La Bible n’est pas uniquement monothéiste !
2. Pour aller vers le monothéisme passons par la monolâtrie
« Bien que la Bible hébraïque confesse le Dieu Un et unique, Elle a conservé un certain nombre de traces qui indiquent que la vénération de Yahvé n'a pas été exclusive durant de nombreux siècles. »1 Les écritures d'Israël n'affirment donc pas qu'il n'existe pas d'autres dieux. Quand Jacob et Laban concluent un pacte de non agression, ils prêtent serment chacun au nom de son dieu (Genèse 31,51-53). Quand Jephté négocie avec les Ammonites, il se réfère aux dieux des deux partie, Kemosh pour les Ammonite, YHWH pour lui-même (Juges 11,34). Il existe d’autres traces encore.
En terme cultuel la Bible Hébraïque n’affirme pas toujours qu’il n’y a qu’un seul Dieu, mais simplement que YHWH est le seul dieu qui mérite d'être adoré. Il n’y a pas un seul Dieu, mais « notre Dieu est plus grand que tous les dieux » (2Chroniques 2,4). C'est pourquoi on peut régulièrement lire des phrases comme :
Qui est comme toi parmi les dieux, SEIGNEUR (YHWH) ? — (Exode 15,11a)

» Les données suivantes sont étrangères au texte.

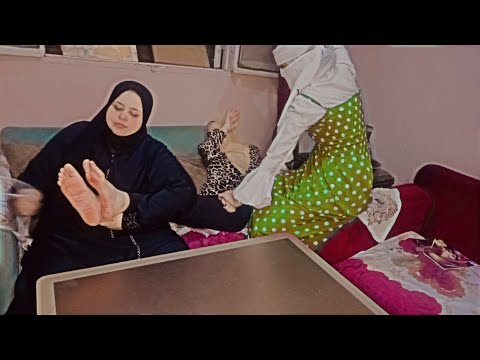 امها والمدرسه بتاعتها مدوها على رجليها لأنها مش شاطره فى المدرسه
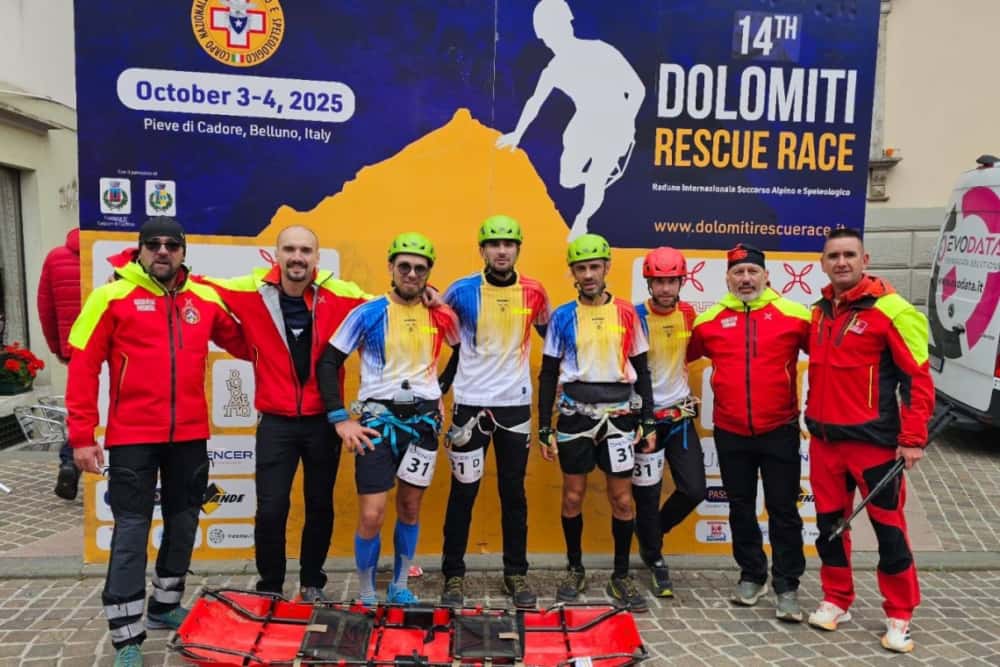 Salvamont România, pe podium la „Dolomiti Rescue Race”, în Italia. Patru sunt prahoveni!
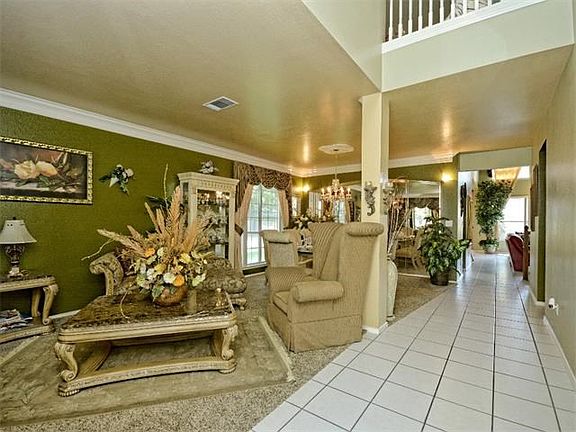 5th image of 13111 Kirkglen Dr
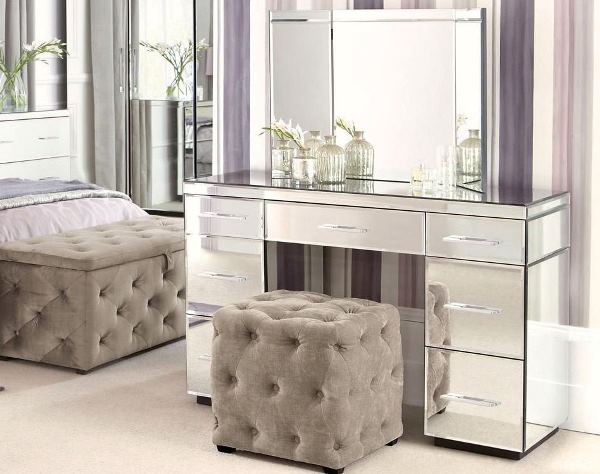 Dressing table with an ottoman 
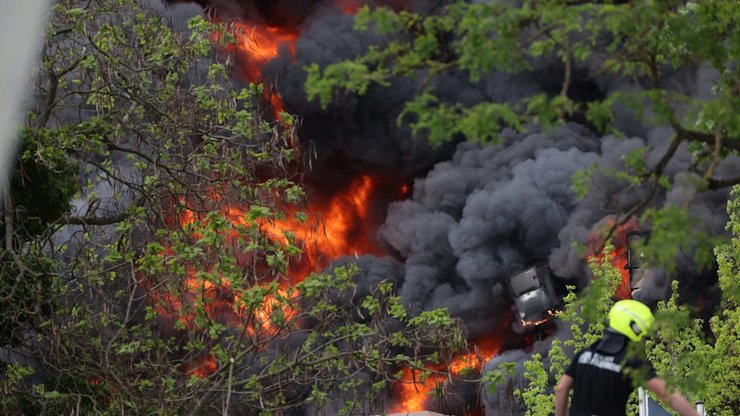 Пожежу рятувальники не контролюють, лише гасять її ззовні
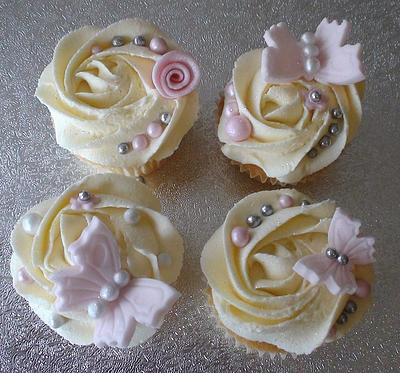 Pink and White Cupcakes - Cake by jaimiec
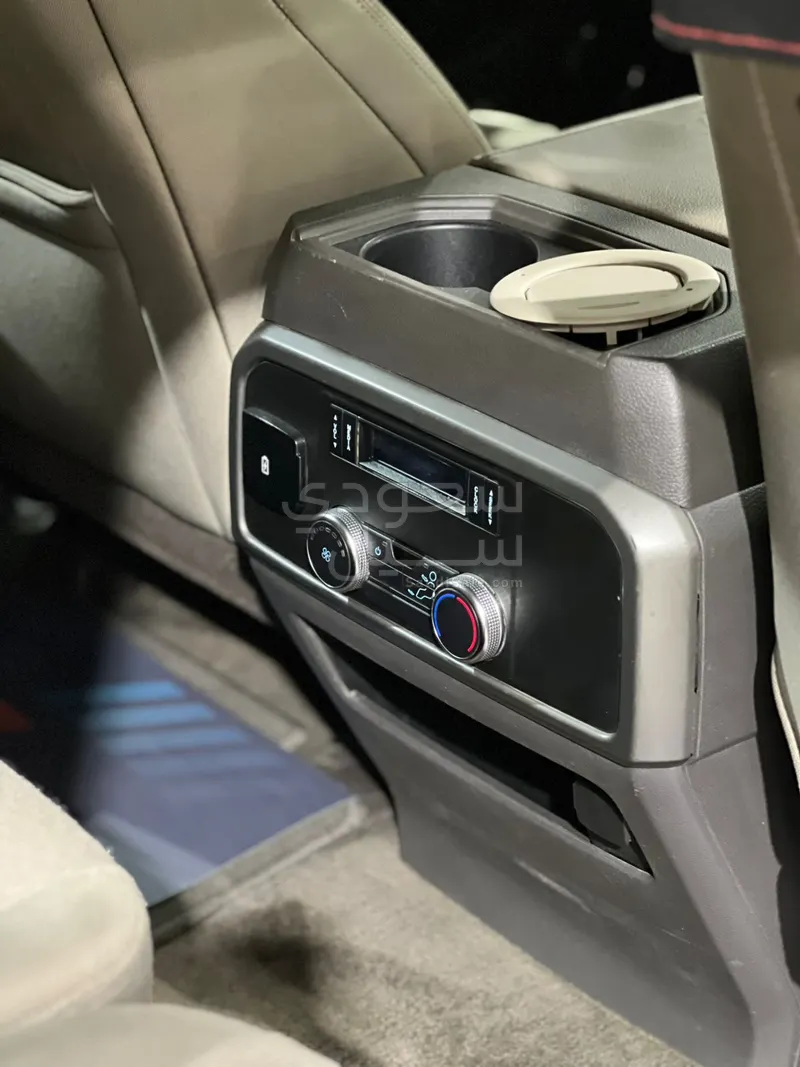 2019 فورد اكسبيديشن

Nul n’est comme toi parmi les dieux, Seigneur — (Psaume 86,8)
Qui donc, dans la nue, peut se mesurer au SEIGNEUR (YHWH) ?
Qui est comparable au SEIGNEUR (YHWH) parmi les fils des dieux ? — (Psaume 89,7)
Car le SEIGNEUR (YHWH) est un grand Dieu, c’est un grand roi au-dessus de tous les dieux. — (Psaume 95,3)
Les autres dieux ne sont pas niés. Au contraire ils sont reconnus mais classés en dessous. D’un point de vue philosophique on appelle cela « l’hénothéisme ». Et le culte d’un seul Dieu au dessus des autres qui lui est associé est la « monolâtrie ». Même la déclaration de loyauté la plus célèbre des Écritures d'Israël reflète cet état d’esprit : Deutéronome 6,4, connu sous le nom de Shema Israël, dit :
Ecoute, Israël !
Le SEIGNEUR, notre Dieu,
le SEIGNEUR est un.
Quand on est habitué au monothéisme, on pense que ce verset en est une déclaration. Mais en hébreu, le mot traduit par « un » (ehad - אֶחָֽד) signifie tout aussi bien « unique » ou « unifié » ou « seul ». Pour respecter le contexte de monolâtrie il faudrait traduire :
Ecoute, Israël !
Le SEIGNEUR (YHWH) est notre Dieu
Le SEIGNEUR (YHWH) seul.
De même avec Exode 20,3 et Deutéronome 5,7 :
Tu n’auras pas d’autres dieux devant moi.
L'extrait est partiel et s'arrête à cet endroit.